**Task details:** After locating the line that holds "Vauvojen värikylpy - Päivi", copy that line and all that follow it word for word through the end of the data, with no pictures.

**Information shown:**
* * *

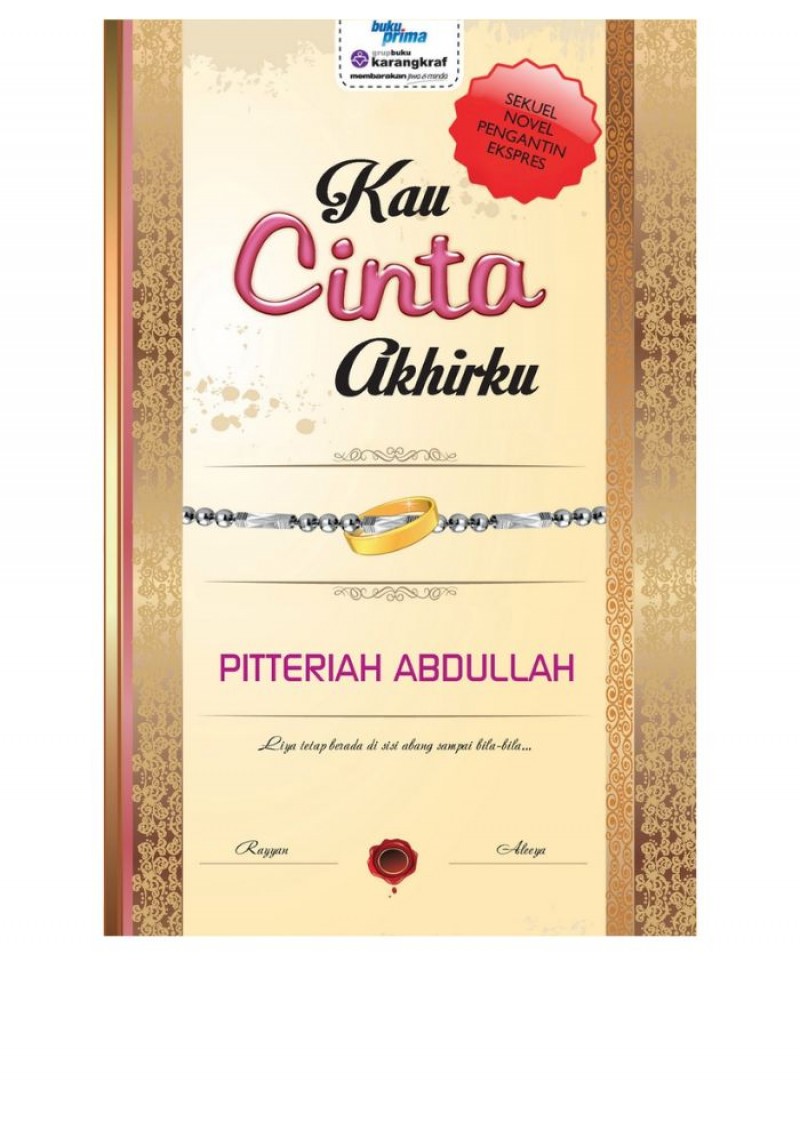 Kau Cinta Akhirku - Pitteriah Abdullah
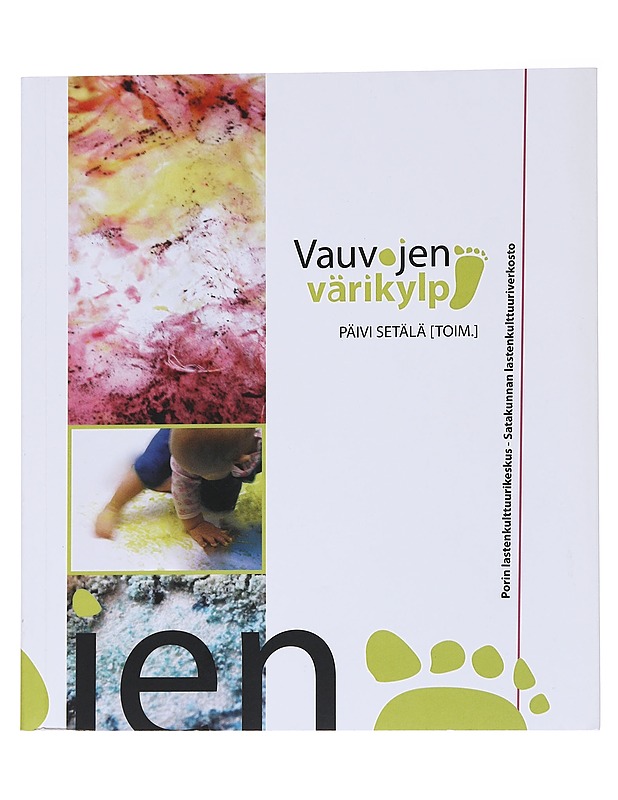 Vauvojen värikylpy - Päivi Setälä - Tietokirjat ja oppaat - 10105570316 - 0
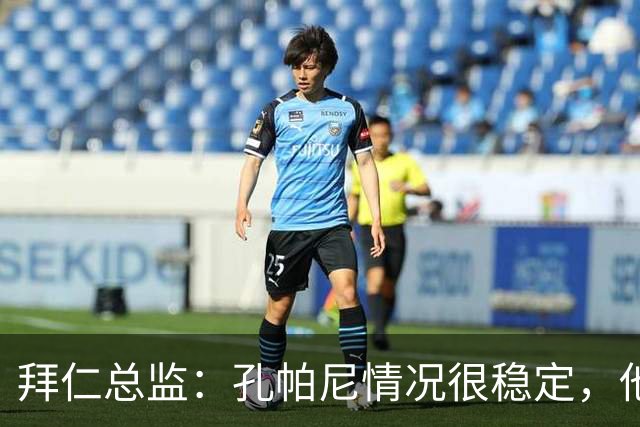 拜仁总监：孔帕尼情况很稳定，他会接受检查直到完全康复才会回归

* * *

**Task answer:**
 Vauvojen värikylpy - Päivi Setälä - Tietokirjat ja oppaat - 10105570316 - 0
 拜仁总监：孔帕尼情况很稳定，他会接受检查直到完全康复才会回归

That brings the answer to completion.